WASHINGTON (Legal Newsline) - Mass tort lawyers want their lawsuit over an agreement with colleagues sent back to the court in which they filed it.
LawCo filed a motion to remand March 1 in District of Columbia federal court, asking that the case be sent back to district Superior Court. Defendant Cooper Law Firm had removed the case to federal court last year.
The suit says despite an agreement to pursue hernia mesh implant cases together, Cooper has failed to open a joint bank account.
The motion to remand says the citizenship of an LLC is the citizenship of its members, so complete diversity doesn't exist - eliminating the need for federal jurisdiction. LawCo says both a member of it and a member of Cooper are Florida residents.
Also, the $75,000 minimum amount in question isn't in play because the complaint seeks only declaratory and injunctive relief, LawCo says.

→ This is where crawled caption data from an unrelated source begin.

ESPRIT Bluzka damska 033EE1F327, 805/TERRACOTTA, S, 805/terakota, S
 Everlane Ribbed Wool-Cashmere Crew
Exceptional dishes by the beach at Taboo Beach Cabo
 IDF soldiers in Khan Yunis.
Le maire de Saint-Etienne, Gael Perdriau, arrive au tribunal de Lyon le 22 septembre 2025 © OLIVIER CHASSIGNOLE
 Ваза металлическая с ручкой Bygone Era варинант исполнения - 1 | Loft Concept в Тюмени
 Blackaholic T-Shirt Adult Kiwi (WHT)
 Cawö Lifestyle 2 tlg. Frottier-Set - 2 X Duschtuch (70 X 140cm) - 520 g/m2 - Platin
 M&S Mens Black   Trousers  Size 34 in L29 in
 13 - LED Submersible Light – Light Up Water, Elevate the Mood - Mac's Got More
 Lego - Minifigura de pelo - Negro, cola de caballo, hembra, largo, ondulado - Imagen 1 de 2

"(T)he value to Plaintiff in enforcing its rights under the (joint venture agreement) is the demonstrable value of the percentage of settlement proceeds to which it is contractually entitled with respect to each of the hernia mesh litigations subject to the JVA," the motion says.
"But any such value involves future, contingent interests that cannot presently be predicted, let alone valued."
LawCo says it is trying to prevent Cooper from depositing funds from their business venture in a separate account. The agreement at issue was entered into in August 2018, the suit says, to represent potential claimants in lawsuits against the makers and distributors of hernia mesh implants, as well as sales representatives who promoted their usage.
Section 6.4 agreement says the two shall "establish a bank account in the joint name of CLF and LawCo" to be used exclusively for finances for hernia mesh cases.
It took three years before LawCo "began efforts" to establish the account, by sending a $100 check to Cooper. But in May 2022, security concerns led LawCo to find a different bank.
Nine days later, Cooper said it would return that $100 check and no longer agreed to open a joint account.
An email from Celeste Brustowicz, managing partner of Cooper Law, said the company was concerned LawCo did not have a Louisiana attorney, though it was authorized to do business there.
"Was the account ever set up before as described in the [Joint Prosecution Agreement]?" Brustowicz wrote. "I think not as I cannot see any evidence of it on my end. To me, that is another reason not to have the account as our course of conduct showed it was unnecessary.
"The settlement funds will come to CLF as counsel of record. CLF will prepare settlement statements to be approved by Lawco and Local counsel in advance of distribution."
LawCo administrator Richard Sackett responded: "Not acceptable. Cooper Laws failure to honor a long standing agreement which you have previously encouraged is the very reason why it is necessary."